Habíamos terminado de estudiar nuestras carreras cuando nos casamos y decidimos tener hijos. Según nosotros, ya estabamos listos para ser padres.

Mi esposo se graduó como Licenciado en Adminstracion de Empresas, y yo de Maestra. Había estudiado 4 años de Psicología y Desarrollo Infantil, ya con experiencia en el campo,  siempre me habian gustado mucho los niños.  Además, y como si fuera poco, mi esposo y yo decidimos estudiar primeros auxilios para bebés y nos enrolamos en clases para el parto psicoprofiláctico.

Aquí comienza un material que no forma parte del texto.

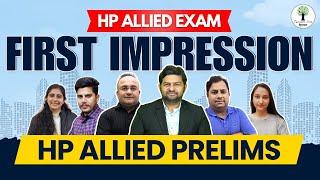 First Impression of HP Allied Prelims 2024 | HP Allied Exams 2024 | Success Tree Himachal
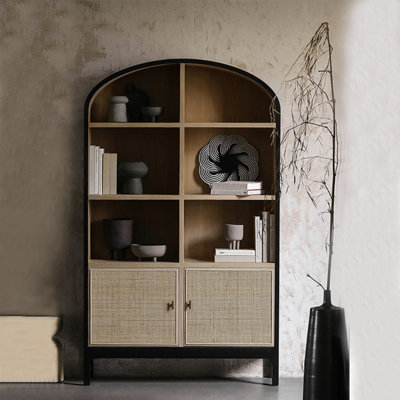 Vitrine simple en bois massif rétro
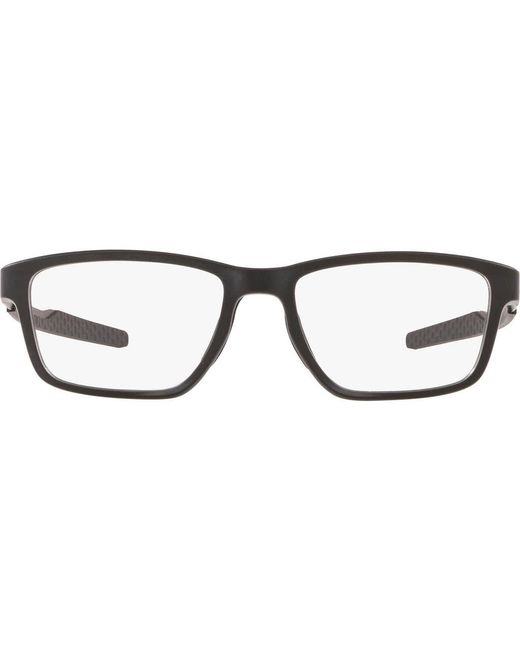 Oakley Brown Metalink 55Mm Rectangle Optical Glasses for men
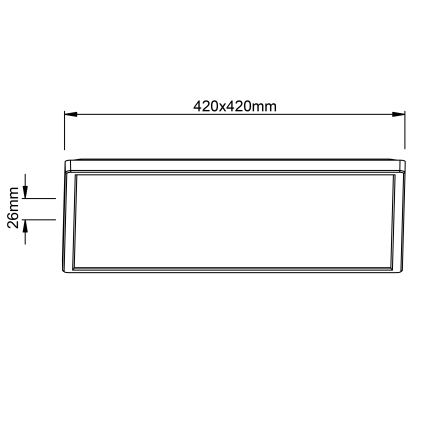 Brilliant - LED-kattovalaisin MILTON LED/24W/230V 42x42 cm valkoinen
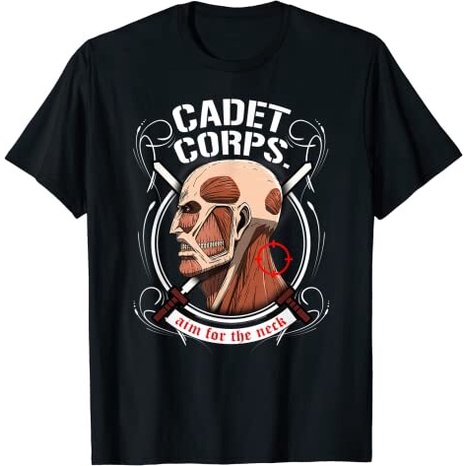 Baju Kaos Dewasa Attack on Titan Scout Regiment Aim For the Nape T-Shirt Pakaian Fashion Katun Pria 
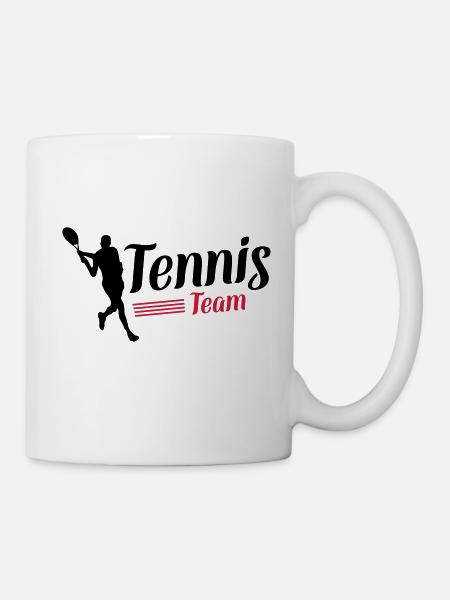 tennis team symbol - Tasse - Weiß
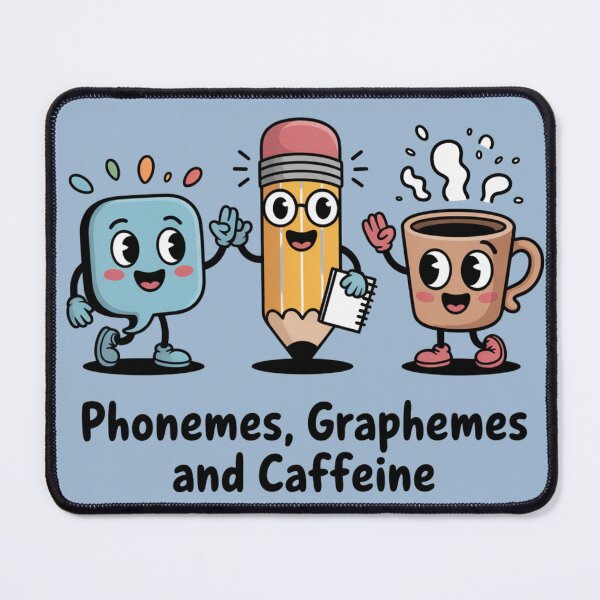 Item preview, Phonemes, Graphemes and Caffeine – Funny Linguistics Design designed and sold by ByBryteG.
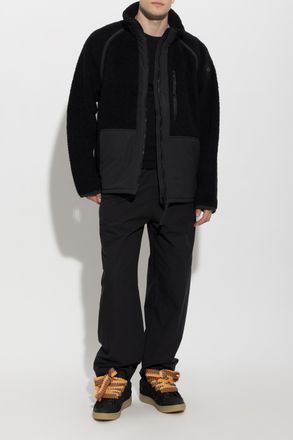 Canada Goose Fleece Jacket With Stand-up Collar, Mens, Black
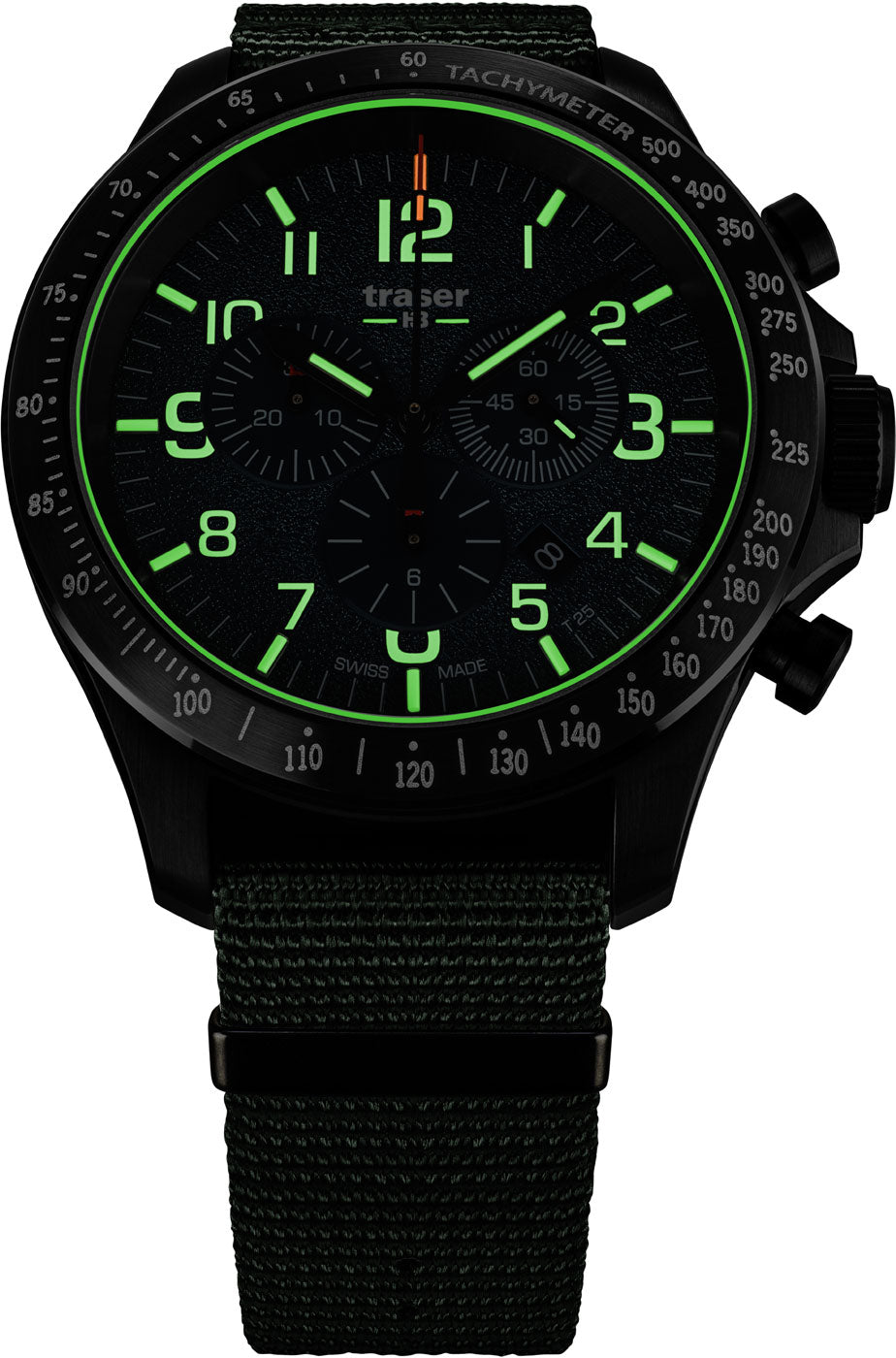 Traser P67 Officer Pro Chronograph 109463 Herren Uhr • Swiss Made Quarz Chrono • Saphirglas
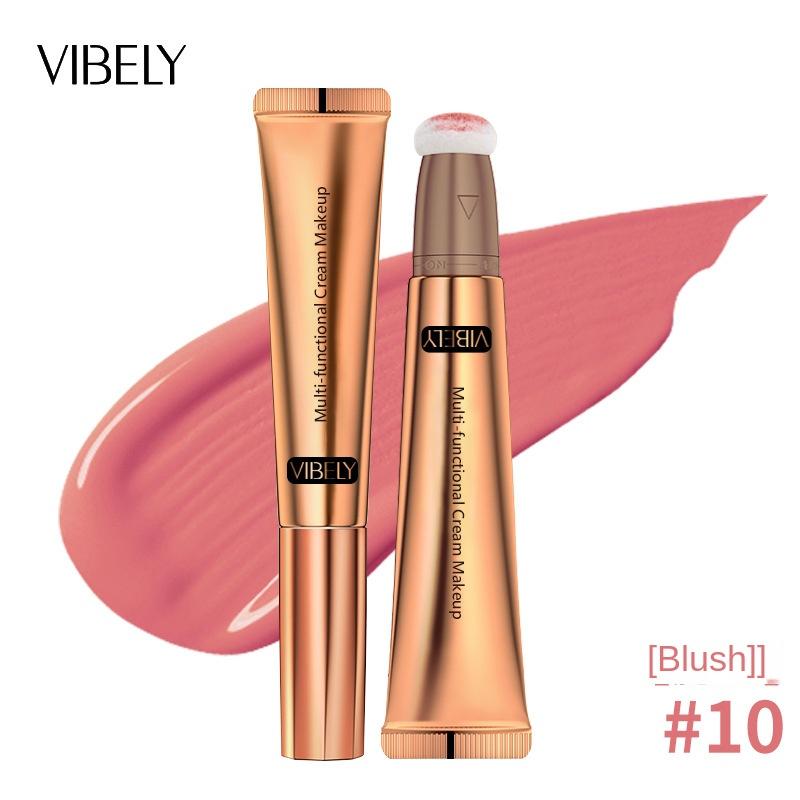 

VIBELY Highlight Concealer, демонстрирующий трехмерные тонкие тени для лица, румяна с мультиэффектом Beauty Stick 10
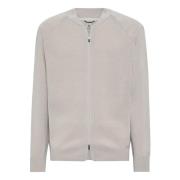 B Tech Tech Bomber Jacket in Merinowol Boggi Milano , Beige , Heren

Ya estaba lista para tener a mi primer y hermoso bebé en un parto tranquilo, junto a mi esposo, para ahora sí, empezar la familia que tanto soñábamos.

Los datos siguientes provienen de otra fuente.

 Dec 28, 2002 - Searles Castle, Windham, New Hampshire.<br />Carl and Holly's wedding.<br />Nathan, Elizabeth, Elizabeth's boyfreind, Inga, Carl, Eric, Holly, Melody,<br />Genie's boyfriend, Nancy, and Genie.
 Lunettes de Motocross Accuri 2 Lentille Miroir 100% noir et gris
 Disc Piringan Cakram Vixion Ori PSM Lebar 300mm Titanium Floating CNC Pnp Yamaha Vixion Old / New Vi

Ya habían pasado dos semanas más de la fecha para que nuestro hijo naciera, y después de 28 horas de labor de parto, finalmente nuestro hermoso bebé nació. Te diré que cuando lo ví, sabía que lo amaba, pero la verdad, es que era tan diferente: ¡Con 23 pulgadas de largo, más de 9 libras de peso y cubierto de pelos! En fin, era mi hijo y ya lo amaba.

Después del Hospital y cuando por fin llegamos a casa, las abuelas y bisabuela lo bañaron, atendieron, etc., y yo le dí de comer. Entonces, todos se fueron, y en ese momento la realidad de una ‘familia de tres’ llegó a nuestra vida. Chris, mi bebé, lloraba desconsoladamente y después de mucho buscar, nos dimos cuenta que habíamos olvidado cambiar su pañal. ¡Cosa tan elemental para un par de personas estudiadas como nosotros!, ¿cómo podía ser esto? La realidad fue, y no tardamos mucho en darnos cuenta, que en cuestión de ser padres, éramos unos completos ignorantes.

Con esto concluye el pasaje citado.